Heise, Arvid; Quiane-Ruiz, Jorge-Arnulfo; Abedjan, Ziawasch; Jentzsch, Anja; Naumann, Felix
Proceedings of the VLDB Endowment (PVLDB)
Jorge's presentation at VLDB 2014 was awarded the "Excellent Presentation Award".
The discovery of all unique (and non-unique) column combinations in a given dataset is at the core of any data profiling effort. The results are useful for a large number of areas of data management, such as anomaly detection, data integration, data modeling, duplicate detection, indexing, and query optimization. However, discovering all unique and non-unique column combinations is an NP-hard problem, which in principle requires to verify an exponential number of column combinations for uniqueness on all data values. Thus, achieving efficiency and scalability in this context is a tremendous challenge by itself. In this paper, we devise DUCC, a scalable and efficient approach to the problem of finding all unique and non-unique column combinations in big datasets. We first model the problem as a graph coloring problem and analyze the pruning effect of individual combinations.
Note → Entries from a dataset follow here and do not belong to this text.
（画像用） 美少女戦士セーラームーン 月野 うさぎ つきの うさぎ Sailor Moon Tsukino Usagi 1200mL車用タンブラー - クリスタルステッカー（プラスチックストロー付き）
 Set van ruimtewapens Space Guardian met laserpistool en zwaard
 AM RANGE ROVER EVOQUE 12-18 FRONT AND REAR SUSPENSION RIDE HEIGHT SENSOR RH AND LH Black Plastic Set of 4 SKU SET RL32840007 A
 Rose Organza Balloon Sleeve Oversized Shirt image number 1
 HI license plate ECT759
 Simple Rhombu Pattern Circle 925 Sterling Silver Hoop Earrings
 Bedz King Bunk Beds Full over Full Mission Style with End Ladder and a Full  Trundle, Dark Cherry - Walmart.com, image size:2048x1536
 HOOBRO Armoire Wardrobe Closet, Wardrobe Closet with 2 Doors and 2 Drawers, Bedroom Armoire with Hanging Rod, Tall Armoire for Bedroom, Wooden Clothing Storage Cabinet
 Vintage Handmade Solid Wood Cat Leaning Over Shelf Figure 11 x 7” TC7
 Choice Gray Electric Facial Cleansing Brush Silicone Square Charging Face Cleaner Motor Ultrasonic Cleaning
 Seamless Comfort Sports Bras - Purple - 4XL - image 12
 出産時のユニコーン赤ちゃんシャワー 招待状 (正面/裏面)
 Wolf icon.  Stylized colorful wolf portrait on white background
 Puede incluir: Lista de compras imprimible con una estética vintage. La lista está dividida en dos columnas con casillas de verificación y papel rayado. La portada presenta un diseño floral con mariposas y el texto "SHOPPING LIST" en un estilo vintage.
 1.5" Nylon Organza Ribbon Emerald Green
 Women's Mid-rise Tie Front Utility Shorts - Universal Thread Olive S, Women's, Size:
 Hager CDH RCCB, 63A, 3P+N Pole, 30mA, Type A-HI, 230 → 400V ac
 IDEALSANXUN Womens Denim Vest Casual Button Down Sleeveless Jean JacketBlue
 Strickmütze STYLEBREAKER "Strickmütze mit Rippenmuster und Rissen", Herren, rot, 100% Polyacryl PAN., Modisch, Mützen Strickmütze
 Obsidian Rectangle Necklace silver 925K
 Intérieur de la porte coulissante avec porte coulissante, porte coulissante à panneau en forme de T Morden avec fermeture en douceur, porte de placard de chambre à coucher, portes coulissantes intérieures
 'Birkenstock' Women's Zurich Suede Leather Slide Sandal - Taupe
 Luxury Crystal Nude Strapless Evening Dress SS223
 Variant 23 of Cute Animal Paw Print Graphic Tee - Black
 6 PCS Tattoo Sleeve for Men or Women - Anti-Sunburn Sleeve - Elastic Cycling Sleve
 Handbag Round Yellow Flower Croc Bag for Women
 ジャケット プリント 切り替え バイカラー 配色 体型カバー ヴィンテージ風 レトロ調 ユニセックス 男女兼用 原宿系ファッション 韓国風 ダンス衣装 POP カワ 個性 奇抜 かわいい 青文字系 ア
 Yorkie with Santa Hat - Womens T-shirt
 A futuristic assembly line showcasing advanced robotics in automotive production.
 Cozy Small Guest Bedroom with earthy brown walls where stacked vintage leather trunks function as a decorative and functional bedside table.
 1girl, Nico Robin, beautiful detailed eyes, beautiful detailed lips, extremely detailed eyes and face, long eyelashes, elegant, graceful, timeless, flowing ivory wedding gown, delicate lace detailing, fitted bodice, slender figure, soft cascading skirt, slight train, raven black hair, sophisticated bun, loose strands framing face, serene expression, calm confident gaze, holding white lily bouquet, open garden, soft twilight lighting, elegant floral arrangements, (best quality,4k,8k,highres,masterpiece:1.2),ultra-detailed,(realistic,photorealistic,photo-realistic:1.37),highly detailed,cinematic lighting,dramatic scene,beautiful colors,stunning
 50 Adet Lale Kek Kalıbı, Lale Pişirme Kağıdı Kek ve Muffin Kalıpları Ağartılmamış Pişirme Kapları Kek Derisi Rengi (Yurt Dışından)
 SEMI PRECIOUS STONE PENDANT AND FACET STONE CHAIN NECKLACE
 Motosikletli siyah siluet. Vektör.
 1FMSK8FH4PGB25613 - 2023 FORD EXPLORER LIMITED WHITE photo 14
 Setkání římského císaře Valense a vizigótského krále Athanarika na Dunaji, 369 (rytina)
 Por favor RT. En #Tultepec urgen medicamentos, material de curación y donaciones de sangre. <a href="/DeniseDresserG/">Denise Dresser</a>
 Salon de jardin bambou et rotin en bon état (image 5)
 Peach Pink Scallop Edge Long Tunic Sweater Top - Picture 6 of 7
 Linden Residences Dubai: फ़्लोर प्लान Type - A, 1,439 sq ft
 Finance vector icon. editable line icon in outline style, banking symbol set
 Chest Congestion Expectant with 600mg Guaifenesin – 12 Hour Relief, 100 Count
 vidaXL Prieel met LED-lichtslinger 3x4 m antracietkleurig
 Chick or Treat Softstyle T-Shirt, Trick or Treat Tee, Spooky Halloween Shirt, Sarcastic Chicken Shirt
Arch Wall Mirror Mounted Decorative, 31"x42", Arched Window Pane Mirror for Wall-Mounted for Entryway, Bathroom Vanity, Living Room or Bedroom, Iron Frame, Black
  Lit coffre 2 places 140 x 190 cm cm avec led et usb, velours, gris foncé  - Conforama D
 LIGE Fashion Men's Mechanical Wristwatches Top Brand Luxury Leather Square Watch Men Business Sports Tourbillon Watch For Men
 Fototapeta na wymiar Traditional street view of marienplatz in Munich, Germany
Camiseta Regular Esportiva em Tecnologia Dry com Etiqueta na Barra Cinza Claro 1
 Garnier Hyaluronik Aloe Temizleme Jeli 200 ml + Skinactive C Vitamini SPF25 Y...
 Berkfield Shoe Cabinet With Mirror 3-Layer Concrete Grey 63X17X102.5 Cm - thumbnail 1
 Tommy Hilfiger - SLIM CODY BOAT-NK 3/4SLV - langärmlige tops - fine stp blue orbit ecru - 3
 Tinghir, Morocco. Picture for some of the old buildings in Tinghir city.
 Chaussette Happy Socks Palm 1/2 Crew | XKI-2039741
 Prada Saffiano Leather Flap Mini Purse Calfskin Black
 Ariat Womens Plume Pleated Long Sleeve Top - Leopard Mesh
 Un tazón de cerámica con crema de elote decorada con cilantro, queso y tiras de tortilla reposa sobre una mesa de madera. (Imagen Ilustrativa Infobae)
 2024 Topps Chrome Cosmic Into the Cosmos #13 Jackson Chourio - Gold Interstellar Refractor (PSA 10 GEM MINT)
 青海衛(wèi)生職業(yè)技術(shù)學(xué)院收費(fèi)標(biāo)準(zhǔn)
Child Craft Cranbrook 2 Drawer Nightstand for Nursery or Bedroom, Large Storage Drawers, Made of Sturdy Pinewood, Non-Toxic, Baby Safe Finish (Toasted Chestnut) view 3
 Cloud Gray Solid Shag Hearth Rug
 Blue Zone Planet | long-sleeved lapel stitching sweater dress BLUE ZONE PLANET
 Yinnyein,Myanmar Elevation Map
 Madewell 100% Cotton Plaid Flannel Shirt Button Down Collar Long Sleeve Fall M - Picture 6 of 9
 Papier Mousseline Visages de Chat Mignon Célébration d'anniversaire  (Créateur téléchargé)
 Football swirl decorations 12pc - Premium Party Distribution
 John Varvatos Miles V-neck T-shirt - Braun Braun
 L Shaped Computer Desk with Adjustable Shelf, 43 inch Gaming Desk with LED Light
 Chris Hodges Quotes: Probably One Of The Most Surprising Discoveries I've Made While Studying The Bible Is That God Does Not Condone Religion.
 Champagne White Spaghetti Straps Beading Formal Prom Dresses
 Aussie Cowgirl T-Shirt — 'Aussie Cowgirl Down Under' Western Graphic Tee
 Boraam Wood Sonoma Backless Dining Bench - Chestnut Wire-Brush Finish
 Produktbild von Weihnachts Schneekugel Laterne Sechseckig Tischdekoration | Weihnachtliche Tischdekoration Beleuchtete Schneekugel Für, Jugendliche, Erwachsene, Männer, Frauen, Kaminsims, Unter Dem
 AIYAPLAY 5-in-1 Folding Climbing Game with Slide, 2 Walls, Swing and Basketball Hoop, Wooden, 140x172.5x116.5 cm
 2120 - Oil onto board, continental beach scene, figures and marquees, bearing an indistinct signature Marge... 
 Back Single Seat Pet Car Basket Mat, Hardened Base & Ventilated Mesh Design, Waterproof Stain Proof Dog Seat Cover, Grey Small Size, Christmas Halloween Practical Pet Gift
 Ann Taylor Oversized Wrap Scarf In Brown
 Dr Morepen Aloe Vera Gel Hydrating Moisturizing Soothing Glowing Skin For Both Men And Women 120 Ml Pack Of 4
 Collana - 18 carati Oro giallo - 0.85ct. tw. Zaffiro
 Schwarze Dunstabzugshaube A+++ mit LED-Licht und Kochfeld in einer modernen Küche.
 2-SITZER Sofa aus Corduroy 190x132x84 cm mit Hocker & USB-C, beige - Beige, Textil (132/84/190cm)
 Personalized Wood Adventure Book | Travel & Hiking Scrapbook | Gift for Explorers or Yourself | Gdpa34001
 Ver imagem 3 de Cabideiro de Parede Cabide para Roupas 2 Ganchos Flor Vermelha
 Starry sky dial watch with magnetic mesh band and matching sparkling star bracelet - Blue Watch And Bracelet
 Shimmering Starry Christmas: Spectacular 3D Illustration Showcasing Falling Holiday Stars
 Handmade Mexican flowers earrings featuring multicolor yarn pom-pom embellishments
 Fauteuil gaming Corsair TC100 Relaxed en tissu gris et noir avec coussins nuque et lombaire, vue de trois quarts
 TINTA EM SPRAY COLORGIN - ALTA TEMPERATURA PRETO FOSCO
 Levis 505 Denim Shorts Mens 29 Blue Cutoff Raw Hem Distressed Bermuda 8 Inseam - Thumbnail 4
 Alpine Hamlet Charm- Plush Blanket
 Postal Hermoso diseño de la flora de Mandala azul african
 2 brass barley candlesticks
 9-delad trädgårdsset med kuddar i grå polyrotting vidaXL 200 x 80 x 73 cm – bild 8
We then present our hybrid column-based pruning technique, which traverses the lattice in a depth-first and random walk combination. This strategy allows DUCC to typically depend on the solution set size and hence to prune large swaths of the lattice. DUCC also incorporates row-based pruning to run uniqueness checks in just few milliseconds. To achieve even higher scalability, DUCC runs on several CPU cores (scale-up) and compute nodes (scale-out) with a very low overhead. We exhaustively evaluate DUCC using three datasets (two real and one synthetic) with several millions rows and hundreds of attributes. We compare DUCC with related work: Gordian and HCA. The results show that DUCC is up to more than 2 orders of magnitude faster than Gordian and HCA (631x faster than Gordian and 398x faster than HCA). Finally, a series of scalability experiments shows the efficiency of DUCC to scale up and out.